A Universal Thick Anode for Aqueous and Seawater Energy Storage Devices

Abstract

Aqueous and seawater energy storage devices hold great potential for electrical grids application due to safety, affordability, and sustainability. However, their broader deployment has been constrained by the absence of a durable thick anode. Here, the first universal thick anode operating stably across 15 simple-ion and 3 complex-ion systems, including nonmetallic (H+, NH4+), monovalent (Li+, Na+, K+), multivalent ions (Zn2+, Ca2+, Mg2+, Al3+), and seawater ions (>5 cations) is reported. Composed of polymer nanosheets and carbon nanotubes, this anode supports thick electrode fabrication (e.g., 100 mg cm−2 and 1 mm) with low porosity/tortuosity, superior electrical conductivity, mechanical robustness, and chemical stability.
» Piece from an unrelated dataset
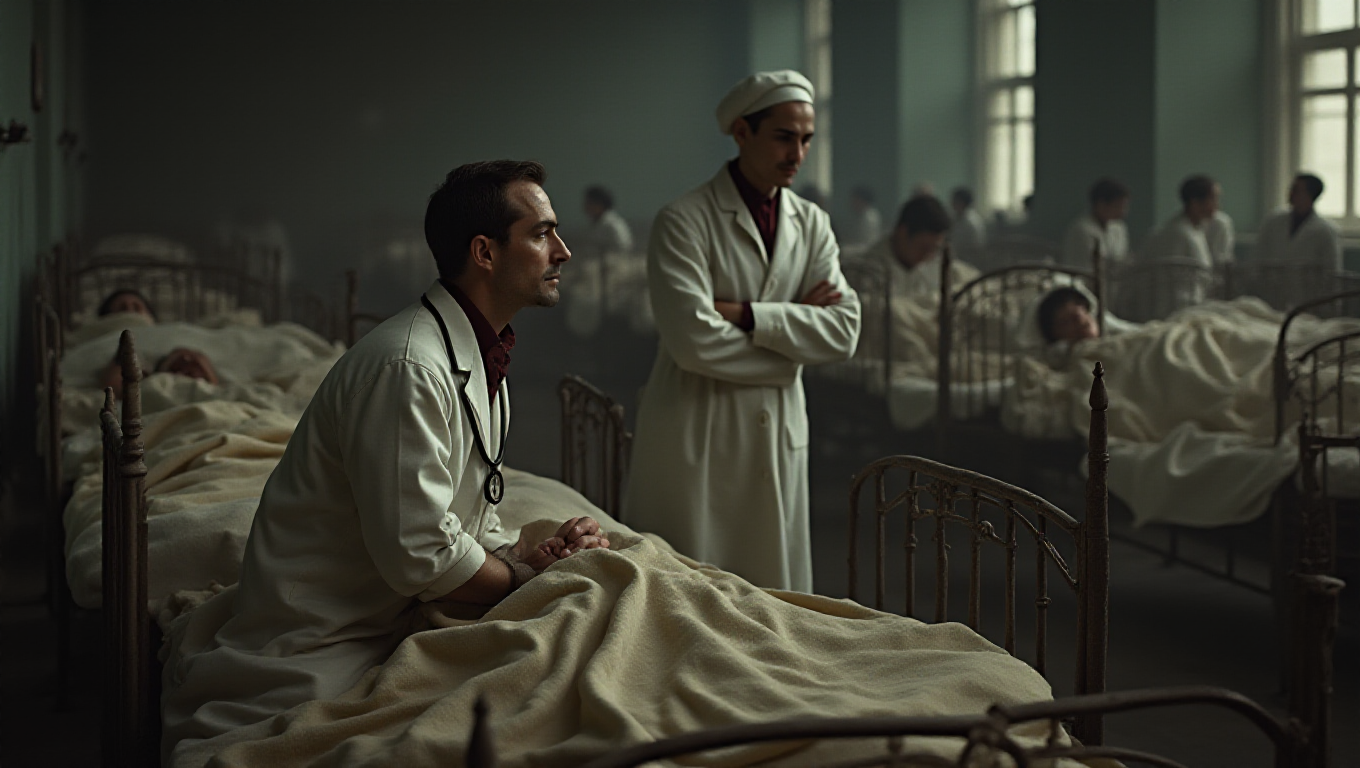 Illustration pour le mot 'typhus'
Consequently, it achieves exceptionable cycle life (up to 380 000 cycles) in supercapacitors and ultrahigh areal capacities (6.5 mAh cm−2) in batteries, even under practical/extreme conditions, attributed to the formation of a water-scarce, cation-rich electrical double-layer structure, as revealed by simulations. Compatible with sea salt-based electrolytes and paired with a metal-free cathode, the anode enables seawater batteries with thousands-cycle life and high energy/power density. Of universal ion storage, ultrahigh-loading capability, unlimited resources, and cost-effectiveness, this polymer electrode is promising for practical aqueous (seawater) energy devices.